Moreover, in the context of World War 1, which killed so many of the finest of the European nations, the idea that warfare improves those races or nations that successfully engage in it was an absurdity. Thus, as James Barr, onetime president of the British Medical Association, remarked, "while the virility of the nation was carrying on the war, the derelicts were carrying on the race."
Einstein fulminated against war and patriotism, while advocating, with seeming inconsistency, a Jewish homeland in Palestine. All would be well, he seemed to think, if everyone would join him in despising the man who takes "pleasure in marching in formation to the strains of a band..." a man having a brain, Einstein wrote, "by mistake, when he needed only a backbone." War, so Einstein asserted "ought to be abolished with all possible speed."

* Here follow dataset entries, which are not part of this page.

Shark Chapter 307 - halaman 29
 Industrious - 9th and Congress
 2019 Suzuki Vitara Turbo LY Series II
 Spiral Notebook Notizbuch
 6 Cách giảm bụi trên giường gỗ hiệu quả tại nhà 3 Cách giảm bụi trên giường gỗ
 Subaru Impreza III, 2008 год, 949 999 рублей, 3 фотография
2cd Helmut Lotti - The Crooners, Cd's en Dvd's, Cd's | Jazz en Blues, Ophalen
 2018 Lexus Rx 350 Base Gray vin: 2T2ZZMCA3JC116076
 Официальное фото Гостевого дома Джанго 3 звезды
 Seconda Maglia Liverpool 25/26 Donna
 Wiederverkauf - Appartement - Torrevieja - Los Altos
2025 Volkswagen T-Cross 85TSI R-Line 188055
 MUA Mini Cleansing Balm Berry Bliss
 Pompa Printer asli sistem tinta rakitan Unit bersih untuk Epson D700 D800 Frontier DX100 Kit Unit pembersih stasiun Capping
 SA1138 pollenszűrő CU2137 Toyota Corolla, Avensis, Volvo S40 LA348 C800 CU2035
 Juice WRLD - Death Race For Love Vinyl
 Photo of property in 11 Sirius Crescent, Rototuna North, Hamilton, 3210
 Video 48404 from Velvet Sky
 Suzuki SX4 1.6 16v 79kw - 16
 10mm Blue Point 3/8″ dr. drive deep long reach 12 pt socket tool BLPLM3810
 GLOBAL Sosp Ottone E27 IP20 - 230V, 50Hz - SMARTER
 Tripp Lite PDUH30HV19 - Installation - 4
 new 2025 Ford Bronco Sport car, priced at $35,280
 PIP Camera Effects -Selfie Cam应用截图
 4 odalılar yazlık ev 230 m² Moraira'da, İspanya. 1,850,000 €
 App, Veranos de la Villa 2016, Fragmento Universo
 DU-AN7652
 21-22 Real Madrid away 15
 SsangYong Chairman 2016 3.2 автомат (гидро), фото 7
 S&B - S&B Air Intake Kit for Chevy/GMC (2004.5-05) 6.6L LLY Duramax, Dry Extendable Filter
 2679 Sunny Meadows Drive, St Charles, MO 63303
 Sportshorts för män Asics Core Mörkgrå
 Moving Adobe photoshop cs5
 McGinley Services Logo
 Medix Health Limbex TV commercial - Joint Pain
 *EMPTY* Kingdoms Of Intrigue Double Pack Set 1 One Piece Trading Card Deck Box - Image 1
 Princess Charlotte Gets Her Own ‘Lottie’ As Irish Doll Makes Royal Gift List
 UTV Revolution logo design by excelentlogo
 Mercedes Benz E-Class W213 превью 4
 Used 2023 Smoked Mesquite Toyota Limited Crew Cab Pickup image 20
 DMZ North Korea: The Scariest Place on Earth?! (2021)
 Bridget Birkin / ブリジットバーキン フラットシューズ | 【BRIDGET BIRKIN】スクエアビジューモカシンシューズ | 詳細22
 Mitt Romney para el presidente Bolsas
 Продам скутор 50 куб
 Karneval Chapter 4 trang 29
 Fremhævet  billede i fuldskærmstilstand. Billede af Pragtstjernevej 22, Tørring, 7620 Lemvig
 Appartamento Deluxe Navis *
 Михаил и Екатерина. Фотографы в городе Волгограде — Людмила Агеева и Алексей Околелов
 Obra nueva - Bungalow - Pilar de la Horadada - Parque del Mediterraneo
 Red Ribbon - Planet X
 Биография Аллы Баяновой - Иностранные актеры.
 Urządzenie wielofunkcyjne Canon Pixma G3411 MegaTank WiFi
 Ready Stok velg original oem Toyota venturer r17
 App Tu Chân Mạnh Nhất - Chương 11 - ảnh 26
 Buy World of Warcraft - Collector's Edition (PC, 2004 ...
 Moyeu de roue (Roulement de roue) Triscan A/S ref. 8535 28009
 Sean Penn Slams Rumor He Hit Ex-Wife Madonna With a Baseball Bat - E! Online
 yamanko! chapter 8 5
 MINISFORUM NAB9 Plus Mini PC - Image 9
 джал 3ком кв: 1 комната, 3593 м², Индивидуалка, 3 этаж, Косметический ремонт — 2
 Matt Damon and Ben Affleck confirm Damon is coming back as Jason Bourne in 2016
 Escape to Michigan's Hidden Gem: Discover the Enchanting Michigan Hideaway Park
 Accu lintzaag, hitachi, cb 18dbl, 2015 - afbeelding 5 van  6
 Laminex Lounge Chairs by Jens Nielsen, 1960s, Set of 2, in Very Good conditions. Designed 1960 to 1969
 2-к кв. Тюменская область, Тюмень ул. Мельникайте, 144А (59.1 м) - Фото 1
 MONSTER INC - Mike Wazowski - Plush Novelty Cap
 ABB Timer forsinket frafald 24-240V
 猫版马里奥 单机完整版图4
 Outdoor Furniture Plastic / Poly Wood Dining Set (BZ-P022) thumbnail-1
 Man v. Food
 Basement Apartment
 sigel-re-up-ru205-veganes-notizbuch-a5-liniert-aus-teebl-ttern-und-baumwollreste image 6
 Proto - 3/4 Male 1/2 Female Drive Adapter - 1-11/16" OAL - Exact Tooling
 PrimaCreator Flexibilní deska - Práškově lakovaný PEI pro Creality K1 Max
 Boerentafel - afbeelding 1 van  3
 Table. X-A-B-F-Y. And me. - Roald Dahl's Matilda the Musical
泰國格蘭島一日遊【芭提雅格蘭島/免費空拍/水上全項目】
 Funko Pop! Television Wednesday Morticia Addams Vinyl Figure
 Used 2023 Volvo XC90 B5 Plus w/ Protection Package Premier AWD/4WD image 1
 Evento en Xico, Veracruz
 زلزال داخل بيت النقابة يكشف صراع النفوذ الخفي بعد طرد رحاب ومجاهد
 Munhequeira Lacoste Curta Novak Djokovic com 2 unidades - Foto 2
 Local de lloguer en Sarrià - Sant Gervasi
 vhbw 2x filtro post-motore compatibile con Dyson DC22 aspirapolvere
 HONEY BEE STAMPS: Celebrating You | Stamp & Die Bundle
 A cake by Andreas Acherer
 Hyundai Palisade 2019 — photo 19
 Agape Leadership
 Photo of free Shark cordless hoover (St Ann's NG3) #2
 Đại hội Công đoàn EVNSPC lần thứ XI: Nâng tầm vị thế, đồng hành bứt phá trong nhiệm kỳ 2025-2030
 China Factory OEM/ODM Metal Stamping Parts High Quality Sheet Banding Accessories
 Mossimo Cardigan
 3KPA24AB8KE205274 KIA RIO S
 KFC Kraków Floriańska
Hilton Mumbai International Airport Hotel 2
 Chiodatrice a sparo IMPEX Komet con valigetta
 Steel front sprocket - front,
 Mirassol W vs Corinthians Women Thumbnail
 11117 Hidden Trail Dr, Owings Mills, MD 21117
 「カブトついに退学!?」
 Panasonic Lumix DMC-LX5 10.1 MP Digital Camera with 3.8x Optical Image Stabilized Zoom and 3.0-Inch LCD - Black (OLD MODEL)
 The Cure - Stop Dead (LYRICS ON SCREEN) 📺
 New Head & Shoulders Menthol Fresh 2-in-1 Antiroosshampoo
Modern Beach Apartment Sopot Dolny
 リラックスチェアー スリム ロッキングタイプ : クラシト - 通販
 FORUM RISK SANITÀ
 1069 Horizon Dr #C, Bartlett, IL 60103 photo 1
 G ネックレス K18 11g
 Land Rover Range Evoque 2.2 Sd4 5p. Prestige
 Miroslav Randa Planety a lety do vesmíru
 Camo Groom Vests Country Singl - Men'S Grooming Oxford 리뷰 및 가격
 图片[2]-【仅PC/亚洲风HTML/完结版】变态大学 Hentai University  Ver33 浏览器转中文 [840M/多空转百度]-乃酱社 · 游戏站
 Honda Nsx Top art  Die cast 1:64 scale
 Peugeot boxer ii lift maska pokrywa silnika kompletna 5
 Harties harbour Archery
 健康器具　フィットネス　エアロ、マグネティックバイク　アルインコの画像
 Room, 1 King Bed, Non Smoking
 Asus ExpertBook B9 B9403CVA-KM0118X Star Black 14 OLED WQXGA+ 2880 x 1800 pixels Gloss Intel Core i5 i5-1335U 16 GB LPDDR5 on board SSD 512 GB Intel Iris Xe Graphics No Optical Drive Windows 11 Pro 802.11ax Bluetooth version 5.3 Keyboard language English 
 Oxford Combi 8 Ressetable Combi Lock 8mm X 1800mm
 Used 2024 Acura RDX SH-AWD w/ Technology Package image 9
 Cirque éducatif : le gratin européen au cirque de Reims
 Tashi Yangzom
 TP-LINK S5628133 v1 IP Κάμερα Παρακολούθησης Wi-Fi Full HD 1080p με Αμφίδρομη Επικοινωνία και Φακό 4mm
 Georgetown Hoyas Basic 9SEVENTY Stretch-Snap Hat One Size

Einstein, it is clear, was not, on the subject of war, a systematic thinker.
Sigmund Freud offered a more coherent theoretical account of the causes of war, which he maintained, arose from a primal drive to hatred arising from repressed childhood urges. This dangerous impulse, he argued, must be sublimated if human civilization is to survive.
During the interwar years, Freud's ideas held broad sway. Unfortunately, there is no more evidence to support them than there is for the contending narratives of Haitian Vodou or the Roman Catholic Church.
Remarkably, European intellectuals of the interwar years seem rarely to have discussed the actual and obvious cause of war: namely, that war offers what often appears the simplest, fastest and most entertaining way for those who rule to get whatever they want, whether it be land, slaves, oil, tribute, honor, glory or global hegemony.
That war can destroy a nation or set all of civilization into decline is, on that interpretation, irrelevant. Operation Iraqi Freedom will cost the United States around three trillion dollars, including the cost of caring for the human wreckage. But of what concern is that to the leaders: as George W. Bush shouted at the launch of "Shock and Awe," a murderous high-tech assault on one of the world's oldest and largest cities: "I feel good."
Which means that until the world is so arranged that it is the leaders who are at greatest risk of being torn to pieces, incinerated, crushed or buried alive in the wars that they instigate, war will continue to offer immense potential profit and enjoyment for the ruling psychopaths.
Oddly, it was the politically incoherent Albert Einstein, whose insight into the nature of physical reality gave rise to precisely such a check on the political leadership, namely nuclear weapons, that has served for more than 50 years to prevent another unlimited global military conflagration.
And still, as they plot murderous campaigns of acquisition or domination, the rulers of the World must consider the risk of being among the first to be vaporized in an act of nuclear retaliation.
But as a long-term preventive, nuclear deterrence is a dubious proposition. Miscalculation or circumvention will surely lead to wars greater than any yet known.
This means, perhaps, that intelligent life is a self-limiting phenomenon and that we are late in the final chapter of the human story. In that case, Einstein's political incoherence signified a fundamental clarity of vision: there is no way forward.
Or if reason for hope remains, perhaps that hope depends on the spread of Einstein's contempt and loathing for those who delight in the violent exercise of power.
These comments draw on the chapter "Why War" in Richard Overy's excellent: "The Twilight Years: The Paradox of Britain Between the Wars."